Saturday, March 13, 2010

The Bakersfield Californian's Lame Excuse For Hiding Sen. Roy Ashburn's Hypocrisy

The Bakersfield Californian, the hometown paper of California State Sen. Roy Ashburn explained the reason they hid Ashburn's hypocrisy — that he is a gay man voting against gay rights – and secret: It wasn't relevant.

The Californian's executive editor Mike Jenner used a weekend editorial to explain why his newspaper didn't report on the gay rumors that were circulating the newsroom.

For years, we got the Christmas cards with the official family portrait — Roy Ashburn, his wife, kids and golden retriever, smiling for the camera. Political reporters tacked them up on their cubicle walls with the cards from other local politicians. When the Ashburns divorced, the cards stopped coming. Life went on, and so did Ashburn's political career as a legislator. But as the years rolled by, we heard rumors he was gay. We didn't report them for two important reasons. First, we didn't know it was true. Even if it was, we didn't see the relevance. I didn't believe it was news.

It took Ashburn's DUI arrest to change that, he says.

Things changed after news of his arrest came out Thursday. A highway patrolman arrested Ashburn in the early hours of Wednesday morning for allegedly driving drunk in a state-owned vehicle in Sacramento. His DUI was newsworthy. But there was more. A Sacramento television station, citing no named source, reported Thursday that Ashburn had been at a gay nightclub before his arrest. Even though an online news site later reported that the bar's manager said that wasn't the case, bloggers jumped on the story. Leading the charge were gay websites and bloggers who "out" closeted gay public officials, especially politicians who've taken positions seen as anti-gay.
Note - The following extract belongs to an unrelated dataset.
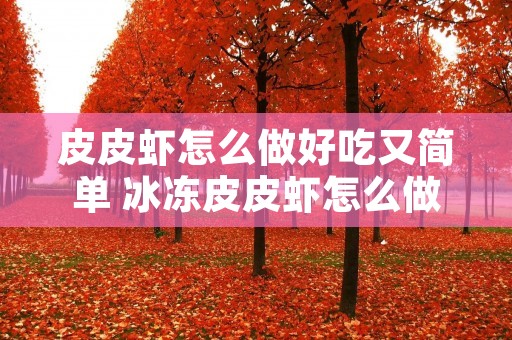 皮皮虾怎么做好吃又简单 冰冻皮皮虾怎么做好吃又简单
And this is where Jenner admits he is wrong.

In reporting the DUI charge, Ashburn's sexuality was no more relevant than a heterosexual lawmaker's would be were he arrested for drunk driving. That he was leaving a gay bar — if we're to rely on Jenner's years-long thinking that Ashburn's sexuality wasn't worth touching — is immaterial, and thus the Californian shouldn't have even bothered reporting he is gay at all.

But they did. Or at least, they used the oldest trick in the book to do so: the paper "reported the blogosphere's feeding frenzy," says Jenner, which is always a cute way for the media to cover something in detail that's otherwise too controversial. Suddenly, Ashburn's sexuality is relevant because other people are talking about it. Rather than leading the coverage, the Californian found itself trailing behind; the area's CBS affiliate was the first to report the news.

But one thing print media always prides itself on? Investigating a story and getting the facts. If they are going to report on Ashburn, and there is knowledge that he might belong to a community that he's voting against, that is news. News that is worth reporting.
Jenner can play defense all he wants, but his newspaper — and others — failed in its duty to report a story that is relevant to voters. This isn't about outing. This is about transparency in government that affects the populous. And hypocrites in politics deserve to be outed. In the case of Ashburn, the outing just happened to include his sexuality.